My first marriage landed me with someone who lied, cheated, and eventually moved away with my son that I barely know but pay almost $700 a month in child support. I'm now married to someone with 2 kids and I'm seeing that I've become the same predicatable, needy, whining, emotional person I was in my last marriage and feel like all I'm good for at this point is to help with the bills. 

I sleep in my own room and I'm tired of feeling sorry for myself and I want change, it's just been so long since I can remember doing things by myself. I've become completely dependent on relationships for fear a being alone and I just dont know how to even start to do this 180. I'm afraid of disappointing people and hurting peoples feelings. I just feel like at this point I have no choice because I want to change me. I've been this through counseling and have dealt with alot of issues, I just want to change but I'm truly afraid of it.

How many people on TAM were like me and did a 180 and changed their lifes? 


....Scared and lost and praying this prayer

God grant me the serenity to accept the things I cannot change; courage to change the things I can; and wisdom to know the difference.


----------



## Mavash. (Jan 26, 2012)

Aw this is so sad but I know where you are coming from even though I'm not a guy. The 180 isn't what you ultimately need although it does serve a purpose but if you don't do it with the right frame of mind it won't work.

The good news is you're young and it's not too late to turn your life around. You need to read Codependent No More, No More Mr Nice Guy, you need counseling, you need to study the drama triangle and how to stay off of it. You are a rescuer but the one who most needs rescuing is YOU.

Change is always scary that's normal however I promise if you embrace it your life will be so much better for it. Courage isn't the absence of fear it's the judgement that something else is more important.


----------



## KathyBatesel (Apr 26, 2012)

It'll work if you work it. 

I have changed my life, though I didn't see the 180 until long after I started using some of the methods in it. I had a major setback some years ago that I want to tell you about. I suspect it may help you find the courage you're seeking.... 

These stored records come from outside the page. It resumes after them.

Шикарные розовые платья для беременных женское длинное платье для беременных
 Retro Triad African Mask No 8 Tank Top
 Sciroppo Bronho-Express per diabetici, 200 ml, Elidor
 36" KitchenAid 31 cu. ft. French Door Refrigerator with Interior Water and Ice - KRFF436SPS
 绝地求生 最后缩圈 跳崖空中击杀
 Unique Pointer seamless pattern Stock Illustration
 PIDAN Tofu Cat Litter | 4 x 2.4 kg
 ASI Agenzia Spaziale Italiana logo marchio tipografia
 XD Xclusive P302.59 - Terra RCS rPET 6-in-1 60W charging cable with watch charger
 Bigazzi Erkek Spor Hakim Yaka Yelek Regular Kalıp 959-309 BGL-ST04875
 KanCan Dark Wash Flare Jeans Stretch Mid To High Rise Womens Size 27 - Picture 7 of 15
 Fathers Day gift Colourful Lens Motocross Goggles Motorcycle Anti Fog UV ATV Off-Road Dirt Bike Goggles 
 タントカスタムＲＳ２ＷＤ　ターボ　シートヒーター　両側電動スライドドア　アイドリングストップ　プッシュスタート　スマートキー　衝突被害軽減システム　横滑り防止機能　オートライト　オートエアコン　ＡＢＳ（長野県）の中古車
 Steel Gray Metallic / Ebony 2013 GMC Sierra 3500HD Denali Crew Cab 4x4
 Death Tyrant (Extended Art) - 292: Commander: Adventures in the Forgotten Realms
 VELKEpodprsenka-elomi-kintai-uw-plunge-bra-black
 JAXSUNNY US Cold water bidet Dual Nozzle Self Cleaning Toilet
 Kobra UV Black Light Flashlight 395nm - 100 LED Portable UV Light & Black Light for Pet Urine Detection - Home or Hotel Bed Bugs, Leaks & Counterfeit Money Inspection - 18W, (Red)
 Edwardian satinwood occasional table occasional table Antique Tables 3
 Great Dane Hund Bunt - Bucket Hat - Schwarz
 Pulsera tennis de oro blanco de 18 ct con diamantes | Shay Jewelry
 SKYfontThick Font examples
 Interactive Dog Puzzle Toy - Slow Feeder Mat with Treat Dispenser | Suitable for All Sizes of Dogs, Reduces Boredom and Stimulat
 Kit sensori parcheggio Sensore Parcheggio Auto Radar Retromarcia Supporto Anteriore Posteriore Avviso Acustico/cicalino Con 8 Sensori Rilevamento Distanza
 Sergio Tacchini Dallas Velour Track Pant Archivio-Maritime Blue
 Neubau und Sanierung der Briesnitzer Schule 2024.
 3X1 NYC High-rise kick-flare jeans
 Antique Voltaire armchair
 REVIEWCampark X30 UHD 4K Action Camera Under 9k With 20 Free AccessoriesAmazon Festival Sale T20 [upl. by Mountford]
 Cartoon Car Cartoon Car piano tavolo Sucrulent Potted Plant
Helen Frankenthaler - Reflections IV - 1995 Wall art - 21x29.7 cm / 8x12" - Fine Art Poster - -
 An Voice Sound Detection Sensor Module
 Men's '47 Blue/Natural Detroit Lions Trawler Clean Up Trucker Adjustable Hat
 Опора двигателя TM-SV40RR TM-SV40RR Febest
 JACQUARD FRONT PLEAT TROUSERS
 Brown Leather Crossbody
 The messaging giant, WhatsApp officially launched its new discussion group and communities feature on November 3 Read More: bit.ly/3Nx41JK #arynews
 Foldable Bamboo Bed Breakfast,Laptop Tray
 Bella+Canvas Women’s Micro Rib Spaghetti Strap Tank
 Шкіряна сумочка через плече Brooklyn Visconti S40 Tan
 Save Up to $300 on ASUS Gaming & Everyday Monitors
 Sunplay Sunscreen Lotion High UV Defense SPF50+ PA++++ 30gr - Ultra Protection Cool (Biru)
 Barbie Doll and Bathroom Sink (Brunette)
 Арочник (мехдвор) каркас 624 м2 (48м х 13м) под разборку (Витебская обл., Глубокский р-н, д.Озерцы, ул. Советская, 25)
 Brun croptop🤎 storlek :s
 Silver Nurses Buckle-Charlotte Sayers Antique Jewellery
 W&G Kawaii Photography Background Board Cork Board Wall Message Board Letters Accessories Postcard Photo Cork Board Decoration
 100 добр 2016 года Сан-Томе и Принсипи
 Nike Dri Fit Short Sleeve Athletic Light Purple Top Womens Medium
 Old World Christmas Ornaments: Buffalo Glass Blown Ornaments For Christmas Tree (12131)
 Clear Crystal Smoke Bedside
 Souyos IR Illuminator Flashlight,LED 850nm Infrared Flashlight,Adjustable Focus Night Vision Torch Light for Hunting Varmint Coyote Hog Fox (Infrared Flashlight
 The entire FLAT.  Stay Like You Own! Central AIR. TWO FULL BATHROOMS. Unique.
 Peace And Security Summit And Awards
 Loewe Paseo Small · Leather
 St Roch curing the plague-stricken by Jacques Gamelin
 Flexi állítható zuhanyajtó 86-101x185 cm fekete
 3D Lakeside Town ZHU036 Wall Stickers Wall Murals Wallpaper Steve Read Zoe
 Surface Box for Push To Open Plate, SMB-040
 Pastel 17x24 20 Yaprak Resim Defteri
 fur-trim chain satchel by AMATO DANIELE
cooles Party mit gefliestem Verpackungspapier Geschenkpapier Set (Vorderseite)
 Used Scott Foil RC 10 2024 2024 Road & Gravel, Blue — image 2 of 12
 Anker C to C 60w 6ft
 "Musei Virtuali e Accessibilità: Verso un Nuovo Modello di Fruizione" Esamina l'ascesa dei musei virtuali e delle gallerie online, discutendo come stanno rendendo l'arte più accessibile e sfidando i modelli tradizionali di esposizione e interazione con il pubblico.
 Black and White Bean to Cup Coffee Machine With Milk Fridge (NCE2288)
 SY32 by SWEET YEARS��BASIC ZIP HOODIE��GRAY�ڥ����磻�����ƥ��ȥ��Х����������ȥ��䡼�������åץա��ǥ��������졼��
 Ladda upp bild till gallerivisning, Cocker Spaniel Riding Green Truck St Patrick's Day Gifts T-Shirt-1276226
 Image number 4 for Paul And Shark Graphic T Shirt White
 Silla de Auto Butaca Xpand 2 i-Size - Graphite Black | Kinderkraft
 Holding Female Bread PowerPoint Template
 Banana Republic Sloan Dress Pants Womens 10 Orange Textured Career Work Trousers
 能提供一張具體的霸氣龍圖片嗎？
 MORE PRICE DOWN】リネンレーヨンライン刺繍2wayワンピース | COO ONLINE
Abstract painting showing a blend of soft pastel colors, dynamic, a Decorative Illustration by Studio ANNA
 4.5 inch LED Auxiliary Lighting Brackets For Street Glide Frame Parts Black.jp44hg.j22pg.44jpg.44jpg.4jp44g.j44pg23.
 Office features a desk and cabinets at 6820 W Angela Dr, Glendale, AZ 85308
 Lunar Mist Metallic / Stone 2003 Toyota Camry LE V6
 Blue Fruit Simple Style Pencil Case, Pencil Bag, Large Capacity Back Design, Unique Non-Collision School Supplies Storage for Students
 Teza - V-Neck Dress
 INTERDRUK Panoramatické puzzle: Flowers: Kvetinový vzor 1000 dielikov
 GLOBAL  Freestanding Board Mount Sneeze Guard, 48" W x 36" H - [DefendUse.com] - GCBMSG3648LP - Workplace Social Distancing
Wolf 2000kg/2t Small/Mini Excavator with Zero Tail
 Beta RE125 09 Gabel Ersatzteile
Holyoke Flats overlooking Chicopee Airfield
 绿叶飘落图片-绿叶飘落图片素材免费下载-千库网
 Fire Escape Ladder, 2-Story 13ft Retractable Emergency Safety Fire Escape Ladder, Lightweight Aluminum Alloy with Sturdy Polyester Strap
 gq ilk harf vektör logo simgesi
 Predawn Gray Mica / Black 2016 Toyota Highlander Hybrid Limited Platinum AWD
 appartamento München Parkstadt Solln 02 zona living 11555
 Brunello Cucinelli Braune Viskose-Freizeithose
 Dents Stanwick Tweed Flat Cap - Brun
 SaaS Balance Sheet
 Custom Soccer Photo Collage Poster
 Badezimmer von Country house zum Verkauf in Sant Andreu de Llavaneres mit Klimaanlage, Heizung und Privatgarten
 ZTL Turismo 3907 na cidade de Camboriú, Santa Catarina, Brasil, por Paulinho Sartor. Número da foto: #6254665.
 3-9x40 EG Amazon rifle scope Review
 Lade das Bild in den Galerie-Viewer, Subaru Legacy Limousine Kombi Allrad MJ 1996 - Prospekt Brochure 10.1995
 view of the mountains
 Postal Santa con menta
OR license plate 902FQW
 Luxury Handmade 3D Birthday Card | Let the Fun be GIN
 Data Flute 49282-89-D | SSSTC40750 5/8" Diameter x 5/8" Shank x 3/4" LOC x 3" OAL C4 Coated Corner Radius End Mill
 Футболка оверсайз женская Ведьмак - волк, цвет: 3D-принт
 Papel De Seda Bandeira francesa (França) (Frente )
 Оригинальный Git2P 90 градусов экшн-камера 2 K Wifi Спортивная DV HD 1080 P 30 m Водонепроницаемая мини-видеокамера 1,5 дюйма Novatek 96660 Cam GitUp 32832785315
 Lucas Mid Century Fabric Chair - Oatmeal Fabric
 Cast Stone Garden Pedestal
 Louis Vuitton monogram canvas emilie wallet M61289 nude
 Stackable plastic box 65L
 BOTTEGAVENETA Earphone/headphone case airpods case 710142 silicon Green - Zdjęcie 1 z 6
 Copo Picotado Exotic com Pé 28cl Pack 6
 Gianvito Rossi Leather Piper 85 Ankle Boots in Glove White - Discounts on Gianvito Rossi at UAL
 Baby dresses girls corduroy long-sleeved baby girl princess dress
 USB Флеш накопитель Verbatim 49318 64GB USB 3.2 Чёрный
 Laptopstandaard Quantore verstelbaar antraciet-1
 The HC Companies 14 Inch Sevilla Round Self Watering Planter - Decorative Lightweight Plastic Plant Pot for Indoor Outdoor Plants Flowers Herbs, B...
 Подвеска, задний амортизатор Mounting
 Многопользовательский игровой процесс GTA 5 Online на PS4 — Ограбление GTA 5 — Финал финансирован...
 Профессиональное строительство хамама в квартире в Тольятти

I have always been a very direct, even abrasive person who looked out for my own needs before others' needs. I have taken a LOT of heat about being too argumentative or insensitive over the years. After I divorced, I felt like a huge failure and I pledged that I would be more cooperative, that I wouldn't voice my opinions when I wasn't asked, and that I would be more "likable" overall. 

My circumstances were even more pronounced because I moved to an area where I knew only one person - the guy I had gotten involved with. He happened to be an emotionally abusive narcissist, which meant that the only "reality checks" I got were from someone who never had my best interests in mind in the first place. 

I became the female version of a nice guy. I found myself taken advantage of by numerous people, which only worsened the depression I felt. I knew I couldn't be the brash, insensitive person I had been because that had produced results I didn't like, but being the pushover wasn't working, either. Not by a long shot!

I eventually found better footing by deciding to base my level of cooperation and sensitivity on the amount of cooperation and sensitivity I received from others. In other words, I am loyal and cooperative only with people who show me the same, but with informal contacts and people who treat me badly, I am free to disengage or even be bluntly dismissive of them. 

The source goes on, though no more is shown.